Wankhede prepares itself for the historic adieu

Satyanarayan Iyer amp Beena Parmar Mumbai | Updated on March 12, 2018

sachinwankhede   -  Satyanarayan Iyer

Sachin Tendulkar playing football during the practice session on the eve of his 200th test match. Photo: K.R. Deepak

Amit and his friends have been waiting for three hours at the Wankhede Stadium without any luck.

The 19-year-old is hoping to get tickets for one of cricket’s biggest showpiece events which kicks off on Thursday. The renovated Wankhede has the capacity to hold 32,500 spectators.

About a hundred others like Amit take their positions outside the Vinoo Mankad gate to get a glimpse of Sachin Tendulkar who, over the years, has come to be revered as the country’s demigod.

They look at the gate with hungry eyes as the Master Blaster takes guard for his practice session inside the stadium which, over the next five days, will become his farewell arena.

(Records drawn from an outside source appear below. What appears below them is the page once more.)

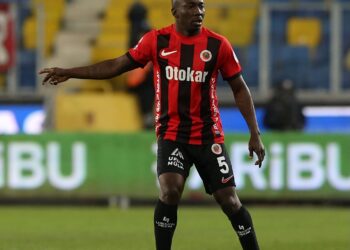 Etebo Returns to Competitive Football After Year-Long Injury Absence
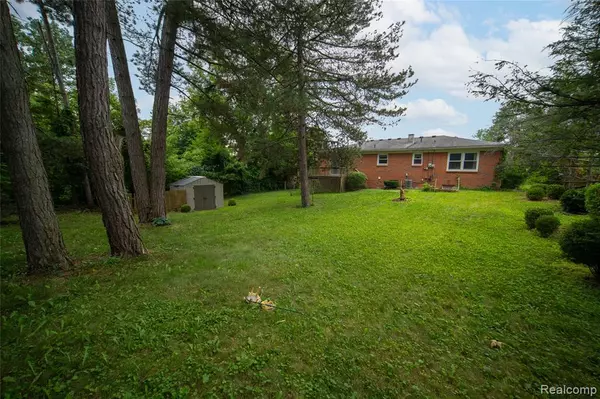 Milford, MI 48381 1641,846 1st Street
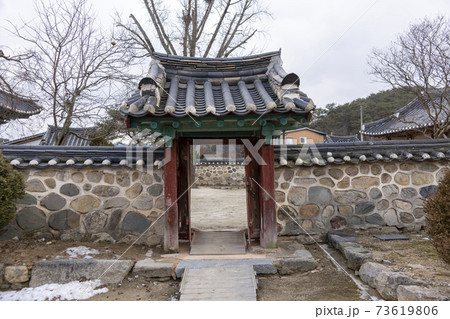 韓国 冬 韓屋 73619806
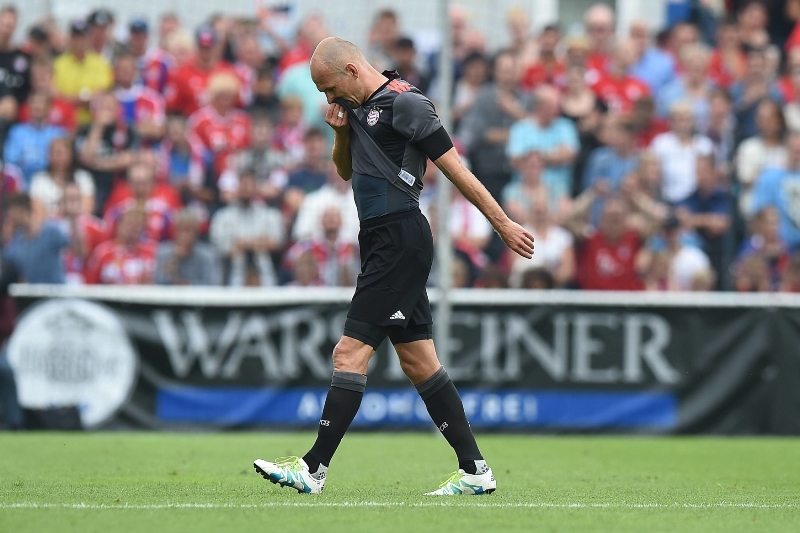 Nizozemský fotbalista Arjen Robben se opět zranil.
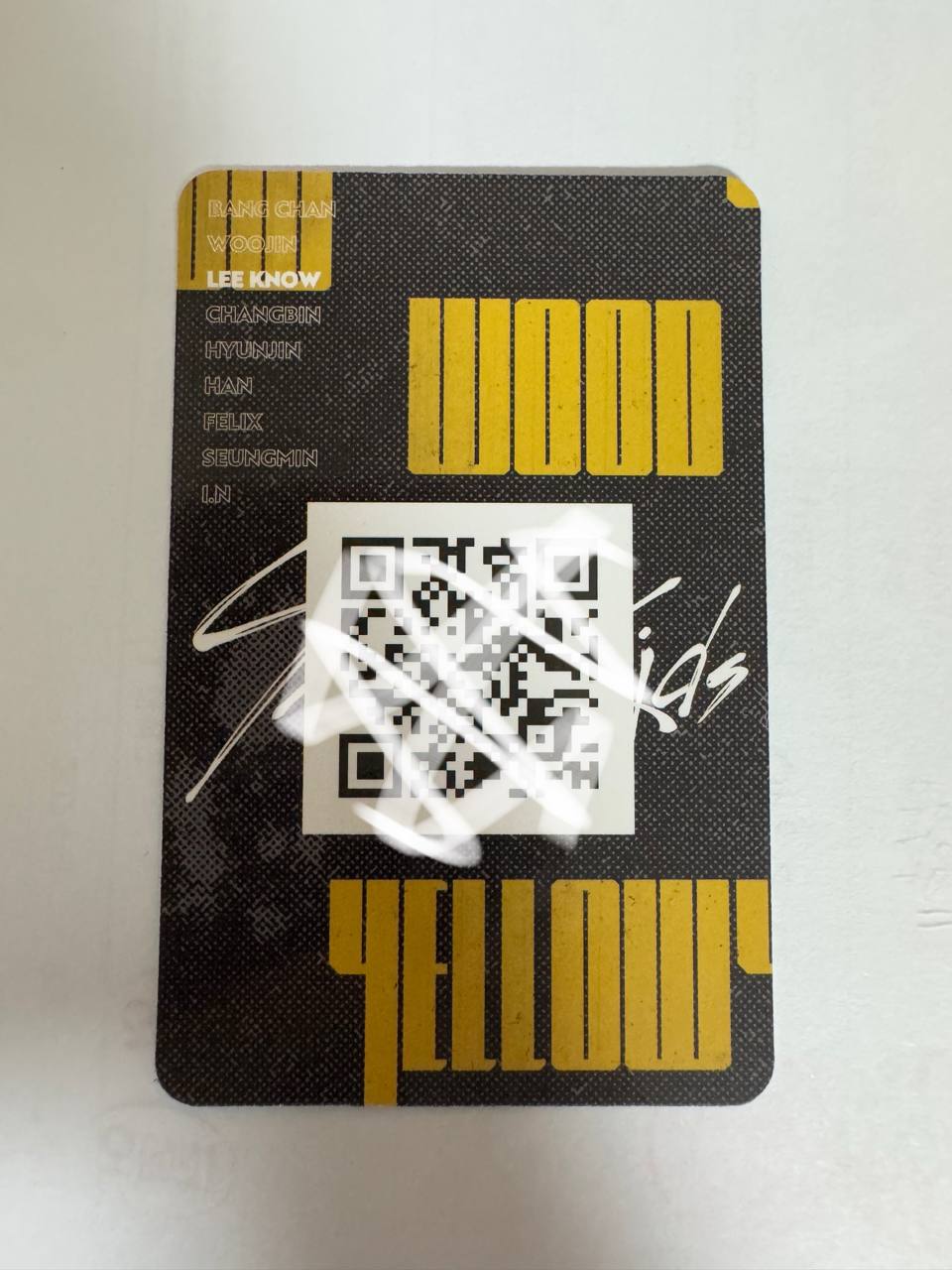 Stray Kids LEE KNOW YELLOW WOOD Photocard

The guards outside the gate keep people at bay as luxury sedans carrying the high and mighty of Indian cricket drive in and out. The scene outside, however, is serene compared to the hectic pace of activity inside the Mumbai Cricket Association building within the Wankhede.

People flock to the third floor of the association's office making polite requests for tickets. The offices of the joint secretary and treasurer see crowds swarm in and out to get their seats confirmed for the big match.

Phones keep ringing incessantly while a patient MCA official answers with the standard line, “ Haalat jhaali aahe. Please saha cha nantar call kara.” (The situation is pretty tight. Please call after 6 p.m.)

Vinod Deshpande, MCA treasurer, manages to squeeze in five minutes to speak to Business Line. As he plonks himself on a chair (perhaps for the first time in the day), he exclaims, “The ticket demand is huge this time. We are trying to satisfy everybody.”

When online ticket agency Kyazoonga opened to sell tickets, it got 2.1 million hits together causing the website to crash. “Kyazoonga told us that the hits were five times more than what they got during Olympics,” says Deshpande. Finally it ended up selling less than 4,000 tickets.

Jatin Vakil, a Baroda Cricket Association official, has been drafted in by the Board of Control for Cricket in India to help with the logistics for this “historic match.” “Each and every seat is being sold for all the five days of the match,” he says.

However, MCA maintains it is not as if the tickets are sold only to the rich and powerful. There are 329 clubs associated with the association. Each of them, a breeding ground for future cricketers, has about 30 members.

“We are sitting here because of them. They elect us, so we have to give them tickets,” says Deshpande, adding that such clubs have got 8,250 tickets.

Another 10,000 tickets have been reserved for VIPs and the balance given to corporate houses (like the Tatas and Garware) which helped build the stadium. Sachin himself has taken about 500 tickets for his friends and family.

“We are not hosting this match for profit and that is why tickets are sold between Rs 500-Rs 2,500. We thought the general public should get the tickets,” says Deshpande

According to him, not more than 5,000 tickets have been sold over-the-counter in the past 50-years at Wankhede. And these are special tickets for this big occasion. Printed at Rs 35 apiece, each of the five tickets (for different days of the Test) has different pictures of the little master in action.

“People can preserve them as a souvenir,” quips Deshpande.

Meanwhile, outside the Vinoo Mankad gate, the fans eagerly scan through every car that drives out of the stadium. Suddenly, a police jeep escorts a white Innova out. A wild rumour spreads that it could be Tendulkar inside. A few fans, with the tricolour in hand, give the vehicle a chase as it speeds away.